Dustin Driver: Detroit’s hottest DJs, Spectre and Meltdown, live at the Music Institute, Thursday, January 4th, 2018. Get your tickets today at Ticketmeister dot org.

Dustin Driver: Hello and welcome to Let’s Get Mental. I’m your host Dustin Driver. And yes, Spectre and Meltdown are the best dubstep DJ names ever, but unfortunately, they are not dubstep DJs. They are some serious security vulnerabilities that were discovered in every Intel processor made since 1995.

Dustin Driver: What are Spectre and Meltdown, and does this mean the end of computing? Should we all throw our laptops on the campfire and live amongst nature? I don’t know, and that’s why I called security expert Wu-chang Feng of Portland State University. We talked about Spectre and Meltdown, what it means for computing in general in the future, and just a little bit about whether or not you should throw your laptop on the campfire. Without further ado, this is what I found out about Spectre and Meltdown.

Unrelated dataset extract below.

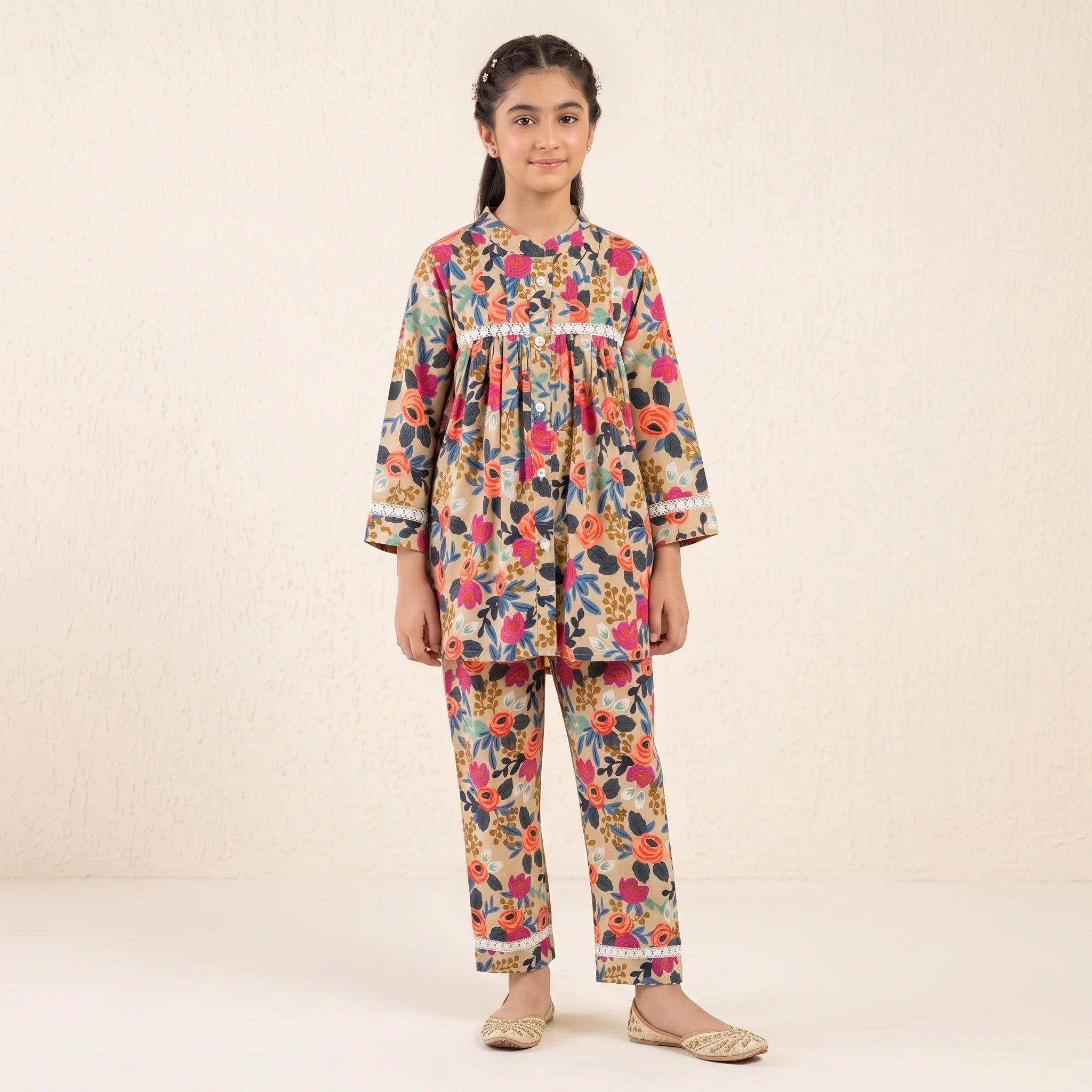 Elegant Floral Print Ivory Frock 2Pcs Suit-Girls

Wu-chang Feng: My name is Wu-chang Feng. I’m a professor of computer science at Portland State University, and I work in computer security and computer security education. My particular areas of interest, I do malware analysis and web security, and then I do a lot of outreach to high schools. We run summer camps for high school students. We do internships for high school students to try and get a larger pipeline of students interested in computer security.

Dustin Driver: Let’s start at the beginning. Can you give me a brief rundown, in layman’s terms, of what Meltdown and Spectre are?

Wu-chang Feng: We’ll start with Meltdown. The thing with high performance CPUs is that the latency of executing an instruction is quite long, and because of this really long pipeline, what the CPU will do is try and fetch things in the pipeline, and it’ll try and fetch as many instructions in advance as it can, and will actually partially execute as many as it can in parallel. We need this to get performance. It’s something that every single processor has to do if they want to be high performing, and as part of this, if you’ve written a program, and your program will branch based on one condition or the other, when you’re trying to execute ahead of time and you come to one of these things, you basically have to guess. You have to guess which branch might be the one that’s actually going to be taken. So you pick that branch, and you fetch all those instructions on that branch ahead of time. One of the ways that you can guess accurately is, on all these CPUs, there’s this branch prediction table that they use, and as the program executes, this branch prediction table learns which branch is typically taken at every point in time, and then it’ll use that to guess the execution path of the thing.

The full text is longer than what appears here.